In addition, such counsel shall state that (A) such counsel has no reason
to believe that at the time the Registration Statement became effective or on
the date of this Agreement, the Registration Statement and the prospectus
included therein (except for the financial statements
-25-
and other financial or statistical data as to which such counsel need not
express any belief) contained any untrue statement of a material fact or omitted
to state a material fact required to be stated therein or necessary to make the
statements therein not misleading and (B) such counsel has no reason to believe
that the Prospectus, as amended or supplemented, if applicable (except for the
financial statements and other financial or statistical data, as aforesaid)

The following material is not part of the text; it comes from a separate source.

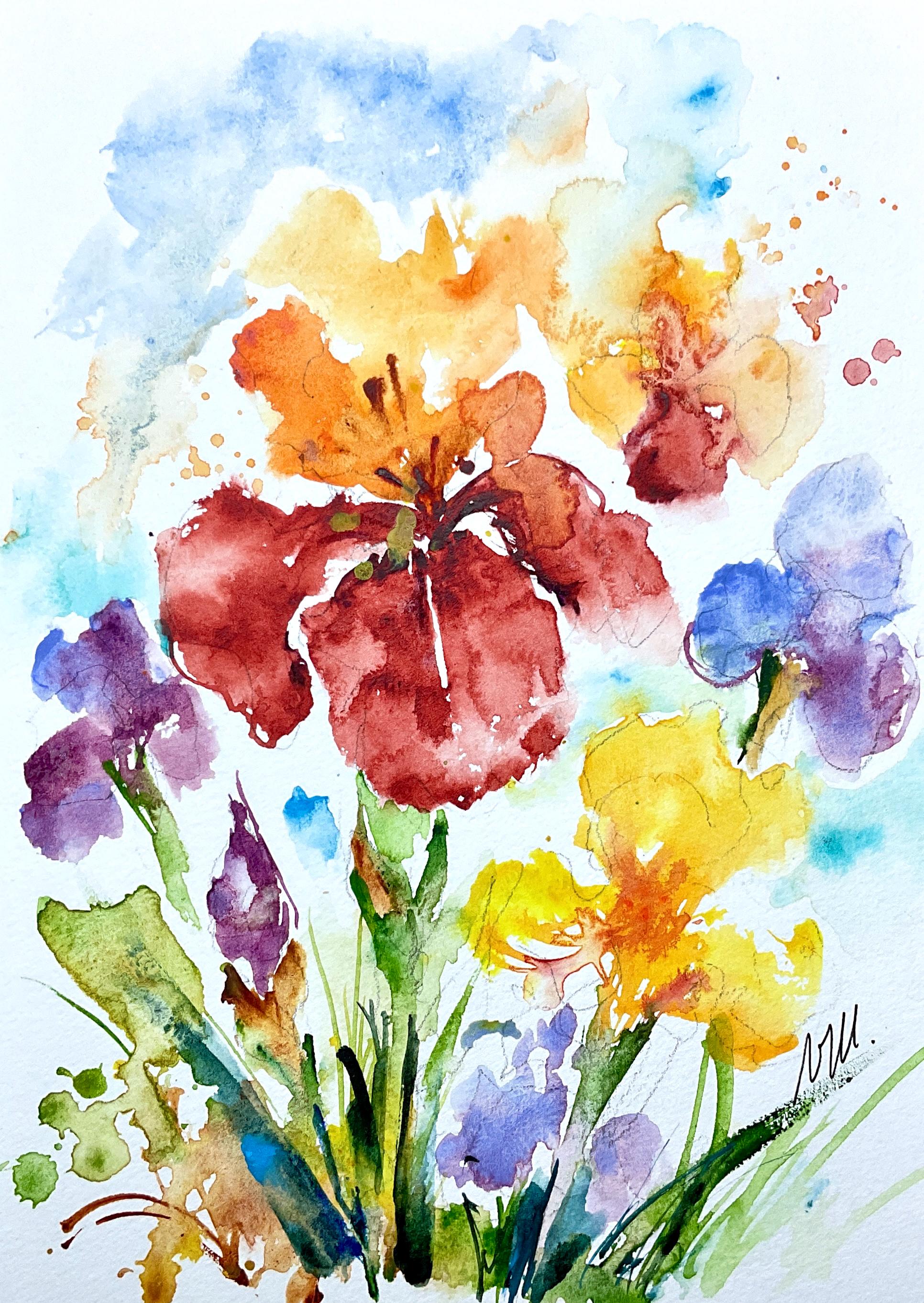 絵画「あやめ摘む」　水彩画 庭に咲く色とりどりのアヤメを描いたオリジナルの水彩画。春には鮮やか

contains any untrue statement of a material fact or omits to state a material
fact necessary in order to make the statements therein, in the light of the
circumstances under which they were made, not misleading.
Such counsel may state that their belief in the foregoing paragraph is
based upon their participation in the preparation of the Registration Statement
and Prospectus and any amendments or supplements thereto and review and
discussion of the contents thereof, but are without independent check or
verification except as specified.
The opinion of Xxxxxxx, Procter & Xxxx LLP described in this Section 9(f)

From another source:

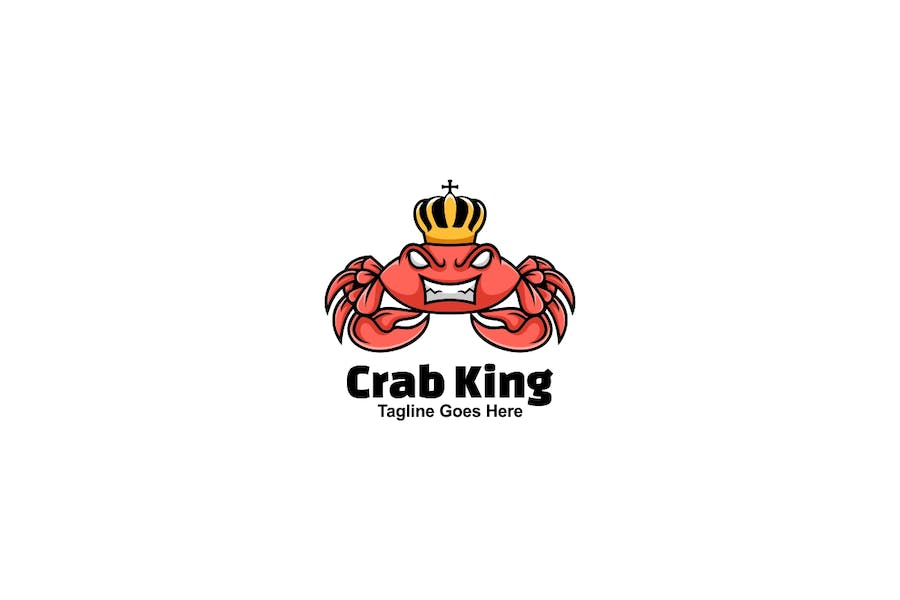 Banner image of Premium Crab King Mascot Carton Logo  Free Download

shall be rendered to you at the request of the Company and the Selling
Stockholders and shall so state therein. Further, the opinion of Xxxxxxx,
Procter & Xxxx LLP (or of such other counsel for the Selling Stockholders who is
found by the Representatives to be reasonably satisfactory) described in this
Section 9(f), as it relates to factual matters concerning the Selling
Stockholders, may (to the extent such counsel deems appropriate) rely upon the
representations and warranties contained in the Custody Agreement, the Power of
Attorney and various other certificates supplied by such Selling Stockholders.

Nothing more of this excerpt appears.